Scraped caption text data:
┄┄┄┄┄┄┄┄┄┄
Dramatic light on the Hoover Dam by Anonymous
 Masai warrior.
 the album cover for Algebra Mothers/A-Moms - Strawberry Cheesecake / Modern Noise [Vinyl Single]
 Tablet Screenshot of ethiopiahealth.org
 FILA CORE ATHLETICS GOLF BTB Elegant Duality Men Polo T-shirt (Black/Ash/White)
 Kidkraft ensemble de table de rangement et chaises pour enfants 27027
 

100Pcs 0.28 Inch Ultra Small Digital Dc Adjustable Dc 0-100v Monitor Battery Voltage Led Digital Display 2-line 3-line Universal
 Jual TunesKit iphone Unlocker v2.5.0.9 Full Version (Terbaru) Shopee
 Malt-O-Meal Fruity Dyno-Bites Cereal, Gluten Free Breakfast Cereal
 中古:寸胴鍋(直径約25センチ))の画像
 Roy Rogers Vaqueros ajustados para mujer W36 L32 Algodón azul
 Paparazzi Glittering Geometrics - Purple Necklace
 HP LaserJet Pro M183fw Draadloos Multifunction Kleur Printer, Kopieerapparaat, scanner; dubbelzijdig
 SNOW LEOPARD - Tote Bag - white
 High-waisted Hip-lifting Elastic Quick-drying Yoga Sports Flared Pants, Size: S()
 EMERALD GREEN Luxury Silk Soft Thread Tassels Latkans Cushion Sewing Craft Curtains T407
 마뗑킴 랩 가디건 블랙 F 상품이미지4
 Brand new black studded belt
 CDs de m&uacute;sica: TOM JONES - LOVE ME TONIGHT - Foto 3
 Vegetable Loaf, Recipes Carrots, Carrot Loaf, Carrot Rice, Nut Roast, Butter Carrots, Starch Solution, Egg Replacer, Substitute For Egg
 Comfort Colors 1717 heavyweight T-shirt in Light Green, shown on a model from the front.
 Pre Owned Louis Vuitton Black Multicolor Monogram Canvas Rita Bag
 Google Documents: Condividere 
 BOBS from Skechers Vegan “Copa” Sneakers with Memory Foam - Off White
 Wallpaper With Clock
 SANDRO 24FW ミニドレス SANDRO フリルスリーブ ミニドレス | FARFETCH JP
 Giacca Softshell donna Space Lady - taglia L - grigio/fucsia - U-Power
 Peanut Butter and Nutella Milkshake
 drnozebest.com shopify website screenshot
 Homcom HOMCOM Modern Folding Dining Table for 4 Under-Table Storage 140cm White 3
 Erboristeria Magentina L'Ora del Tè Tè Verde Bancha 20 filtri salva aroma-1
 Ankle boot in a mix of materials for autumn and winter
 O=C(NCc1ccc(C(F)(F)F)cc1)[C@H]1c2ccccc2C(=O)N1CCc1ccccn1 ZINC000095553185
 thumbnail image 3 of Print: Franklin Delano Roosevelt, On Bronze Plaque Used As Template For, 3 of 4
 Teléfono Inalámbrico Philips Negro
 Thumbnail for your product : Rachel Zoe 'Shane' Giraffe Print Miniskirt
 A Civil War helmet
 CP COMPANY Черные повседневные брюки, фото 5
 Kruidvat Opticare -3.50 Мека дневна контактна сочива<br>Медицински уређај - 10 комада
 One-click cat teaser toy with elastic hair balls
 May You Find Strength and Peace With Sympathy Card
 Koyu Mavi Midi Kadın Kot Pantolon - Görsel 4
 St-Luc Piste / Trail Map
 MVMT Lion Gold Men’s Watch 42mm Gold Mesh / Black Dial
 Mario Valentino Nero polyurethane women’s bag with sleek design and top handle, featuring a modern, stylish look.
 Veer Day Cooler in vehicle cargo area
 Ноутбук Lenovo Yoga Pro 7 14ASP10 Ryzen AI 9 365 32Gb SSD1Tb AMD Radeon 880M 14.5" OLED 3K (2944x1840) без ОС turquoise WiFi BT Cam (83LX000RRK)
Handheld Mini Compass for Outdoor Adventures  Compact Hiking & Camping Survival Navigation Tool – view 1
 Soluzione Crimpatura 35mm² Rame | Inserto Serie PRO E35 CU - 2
┄┄┄┄┄┄┄┄┄┄
### Your assignment
Filter the records, keeping only lines that contain "from", and show those lines.

### Expected output
 Comfort Colors 1717 heavyweight T-shirt in Light Green, shown on a model from the front.
 BOBS from Skechers Vegan “Copa” Sneakers with Memory Foam - Off White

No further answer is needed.